Fetichism a logical theory to primitive man.

Just as the animal finds the rationale of all things in a notion of life and of activity, man tends to find a rationale of all things in a conception of art and of scheming intelligence. For the one, surprising phenomena are simply inexplicable conduct; for the other, they are the complex effects of deliberative intelligence, they are master-pieces. But the notion of activity, far from becoming effaced in the progress of evolution, becomes simply more definite and more precise. Given his incomplete experience, primitive man is perfectly logical in attributing intelligence and consciousness to nature, he could not rationally do otherwise; his mind is imprisoned in a blind alley, and superstition is the sole outlet. At a given moment in human evolution, superstition was perfectly rational.

Seeming immanence of conscious life in nature.
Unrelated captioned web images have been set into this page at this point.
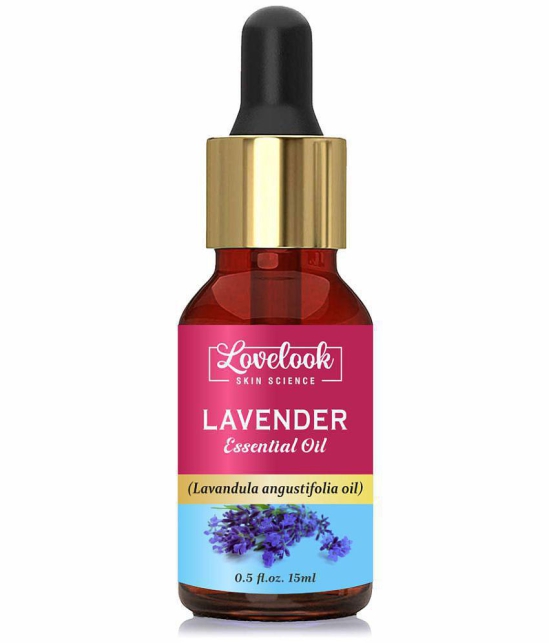 Lovelook Lavender Essential Oil 15 ML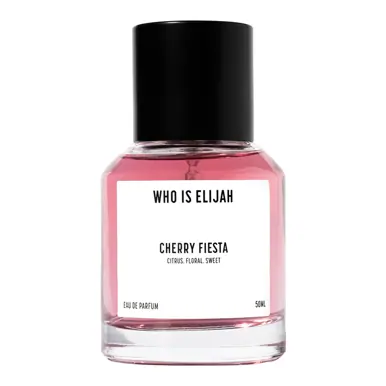 who is elijah CHERRY FIESTA 50ML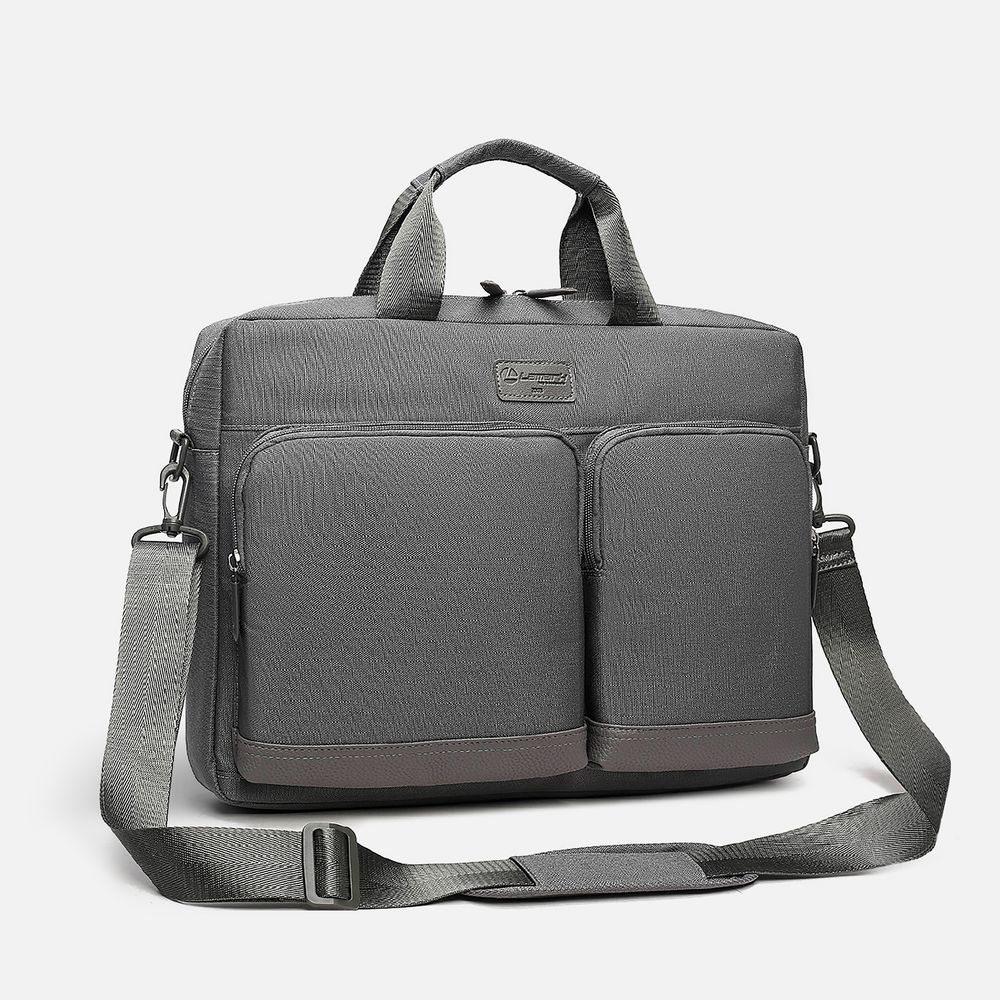 Cумка для ноутбука L255, темно-серая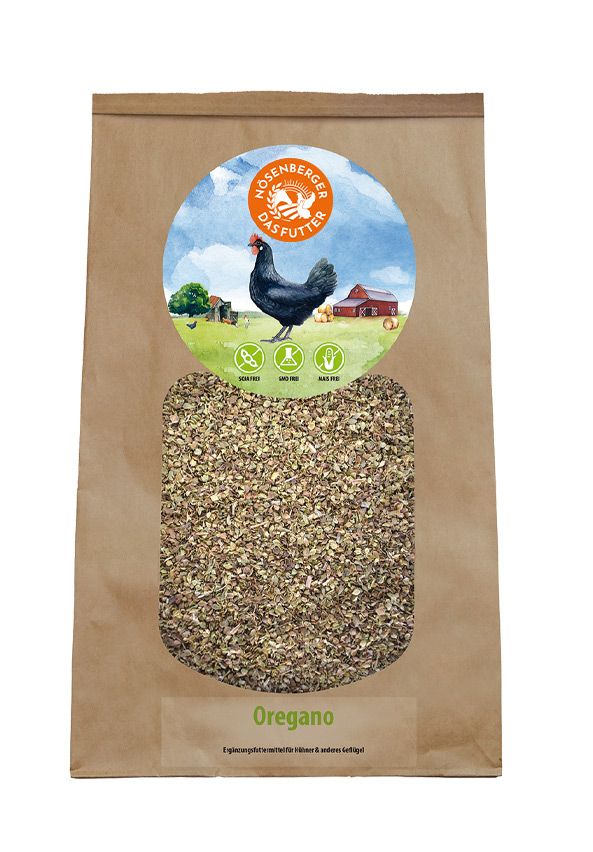 Nösenberger Oregano Huhn 250g
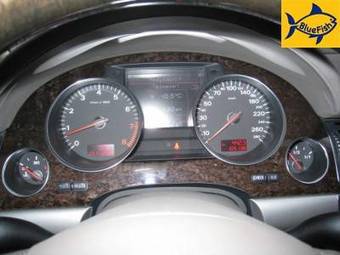 2006 Audi A8 Pictures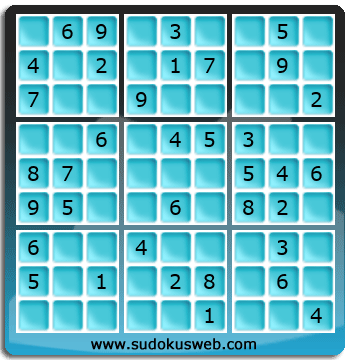 Sudoku de Nivel Fácil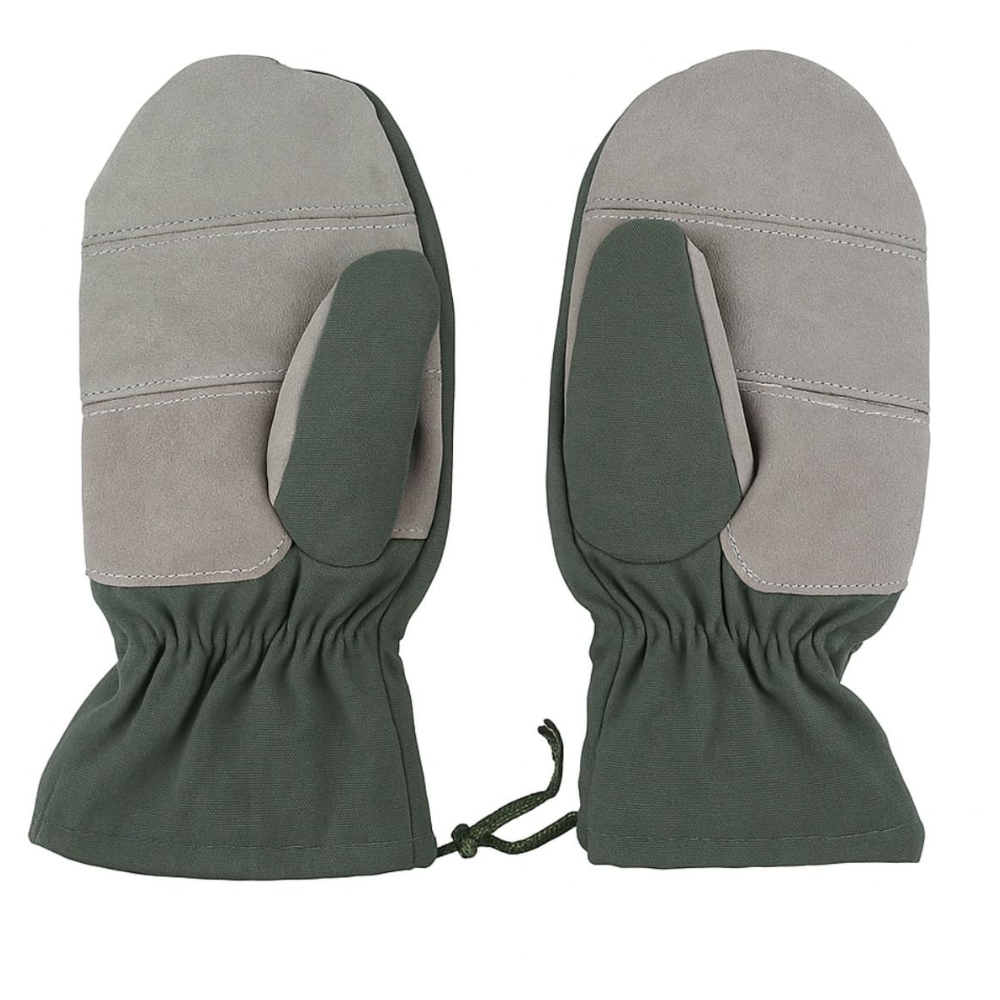 Rappelling Mitten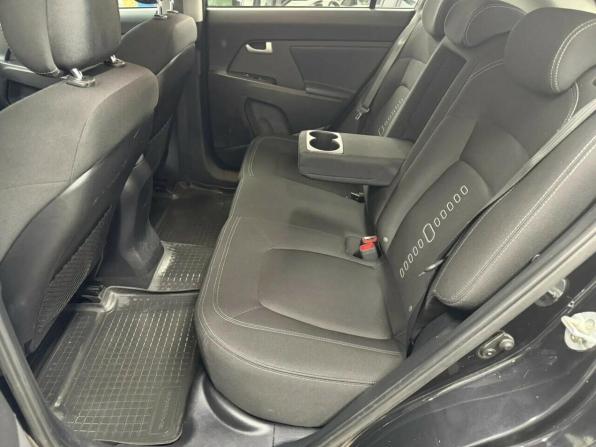 Kia Sportage III с пробегом 2013 года, цена 1 109 760 рублей, 202535 км, внедорожник, Автокод Объявления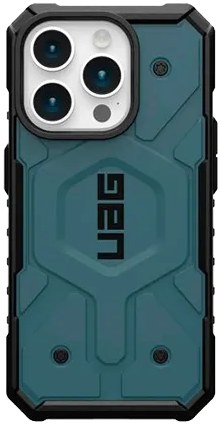 Фото - Чохол для смартфону UAG for Apple iPhone 15 Pro Pathfinder Magsafe Cloud Blue (114281114151)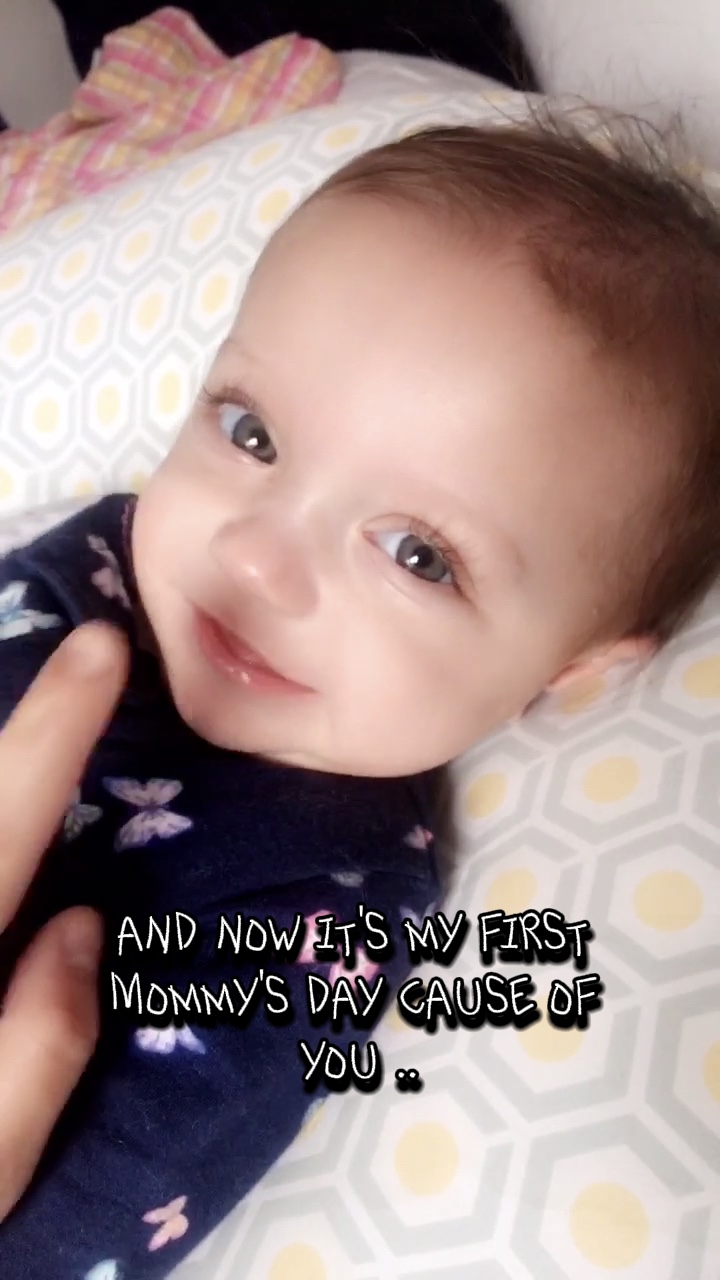 First Mothers Day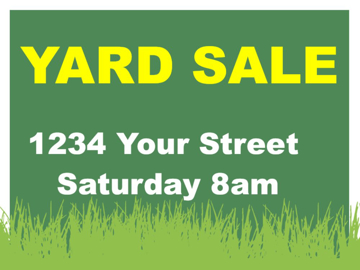 Picture of Garage Sale 34831354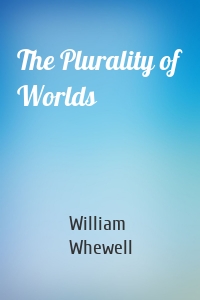 The Plurality of Worlds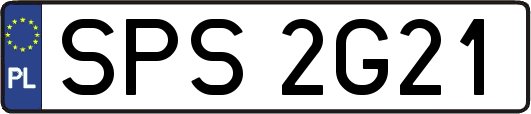 SPS2G21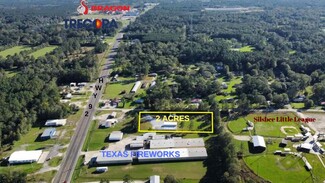 More details for 8351 Bryant Dr, Silsbee, TX - Industrial for Sale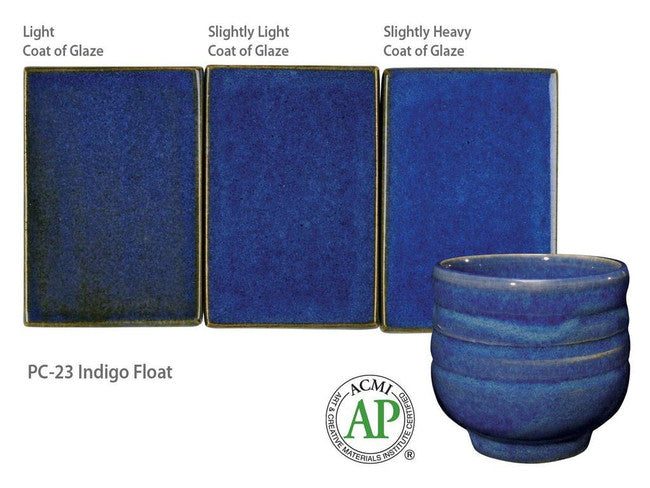 AMACO PC-23 Indigo Float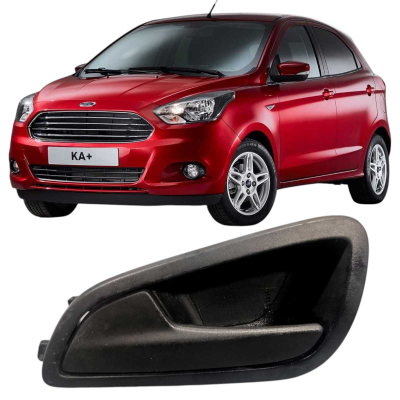 Maçaneta Interna Dianteira Esquerda Ford Ka 1.0 2017-2020 
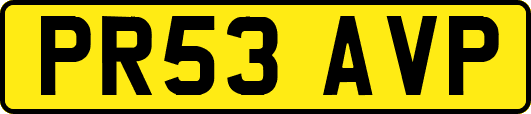 PR53AVP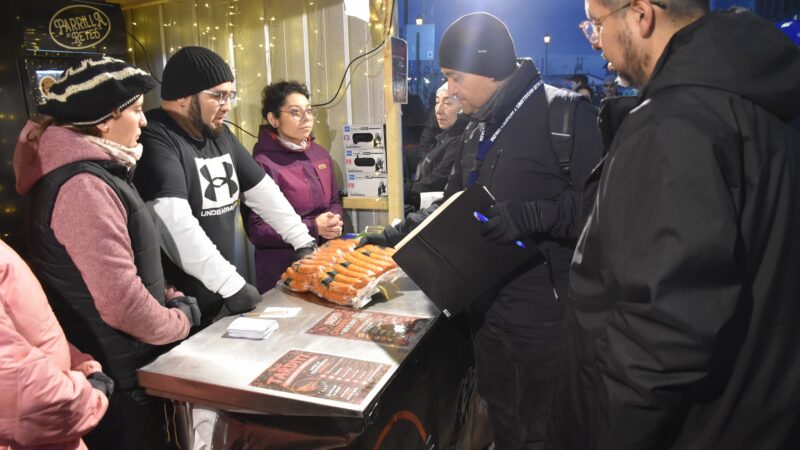 SEREMI de Salud realizó más de 160 fiscalizaciones a puestos de alimentos durante el Carnaval de Invierno en Punta Arenas.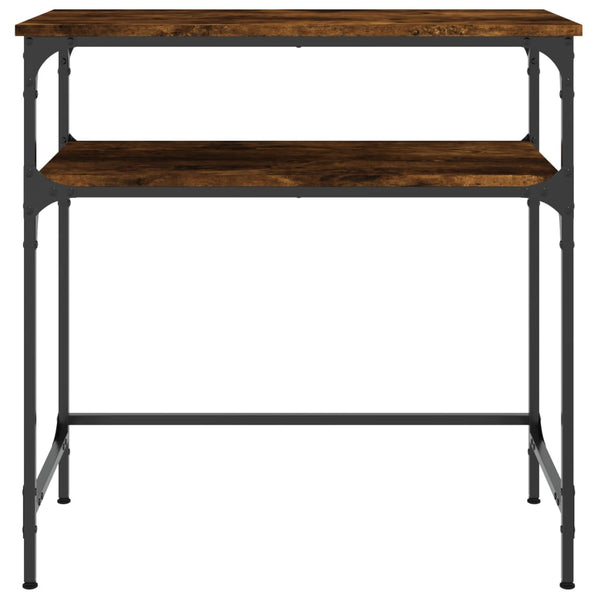 Konsolentisch Räuchereiche 75 cm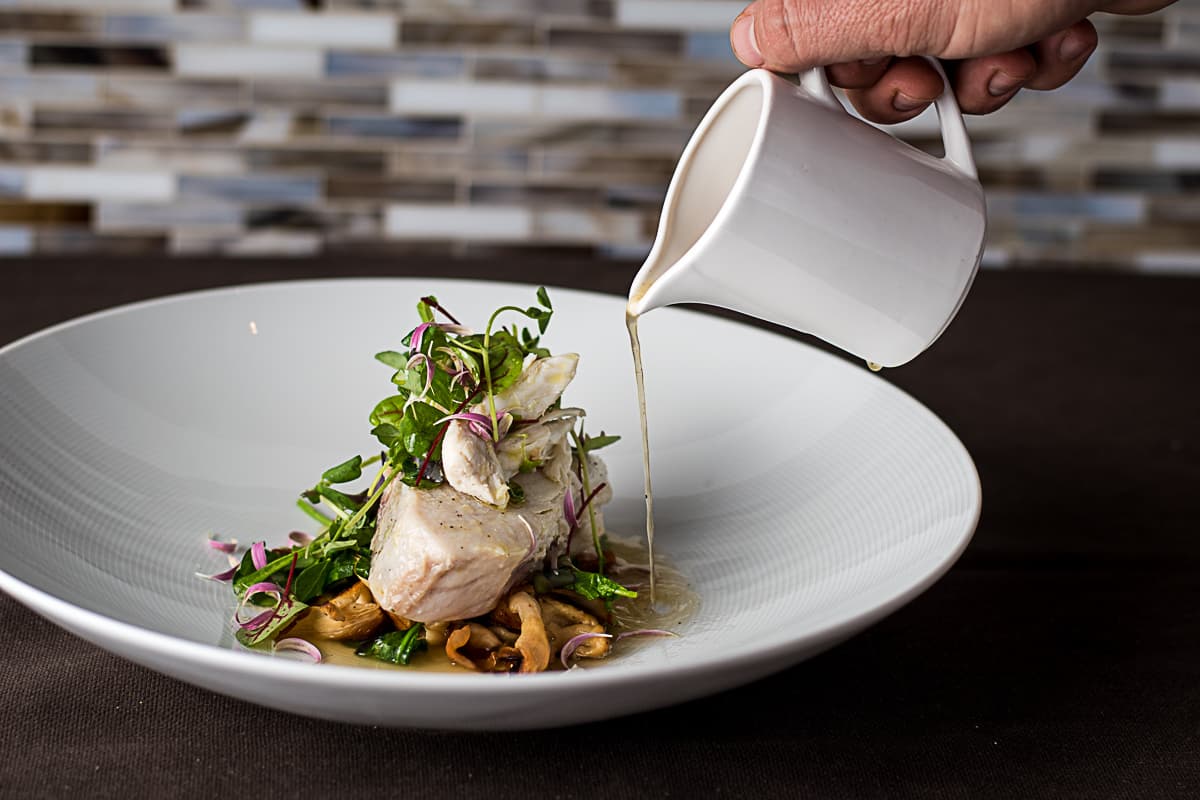 PY Steakhouse Pushes Boundaries with Fall Menu Featuring “Pig’s Face” and Koji-Fermentation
Even in our days, men of science are greatly embarrassed by their inability to point out the precise line of demarcation between the animate and the inanimate; and how should primitive man have grappled with this problem? How distinguish, for example, between sleep and death during one entire portion of life; during sleep, living bodies lie inert, and why should not inert bodies sometimes prove to be alive? At night especially, the whole becomes transformed, everything becomes animate, a breath of wind suffices to make everything palpitate; it seems as if all nature awakened after its day’s sleep; it is the hour when wild beasts go in search of prey, and mysterious noises fill the forest. The calmest imagination, under such circumstances, yields to a temptation to see fantastic objects that are not. One night I was walking on the sea-shore, and saw distinctly a gigantic beast moving some distance away; it proved to be a perfectly motionless rock, in the midst of others like it, but the waves, which alternately covered and discovered it in part, lent it, to my eyes, some portion of their own mobility. How many things in nature borrow thus from some circumstance—from the wind, from a more or less uncertain light—an appearance of life![28] Even when the eyes themselves would be incapable of self-deception, the influence of the foolish terrors so frequent among children and beings habituated to savage life would count enormously. Emotional susceptibility is the more highly developed among savages, in that it forms for them frequently a means of safety. And primitive man is much more subject than we are to hallucinations of the sort that are due to terror, and are not wholly fantastic, but result from a fantastic interpretation of some genuine sense stimulus. The traveller Park met two negroes on horseback; they fled from him at a gallop in extreme terror, and meeting his followers in the course of their flight reported that they had seen him dressed in the floating robes of some redoubtable spirit. One of them affirmed that at sight of Park he had felt himself enveloped in a breath of cold air from heaven, which was like a jet of cold water. Suppress the word spirit in this passage, which implies a pre-existing belief in the soul, and you will perceive how hallucinations due to terror may well give birth to beliefs all the more tenacious for the element of truth they contain.

Dreams.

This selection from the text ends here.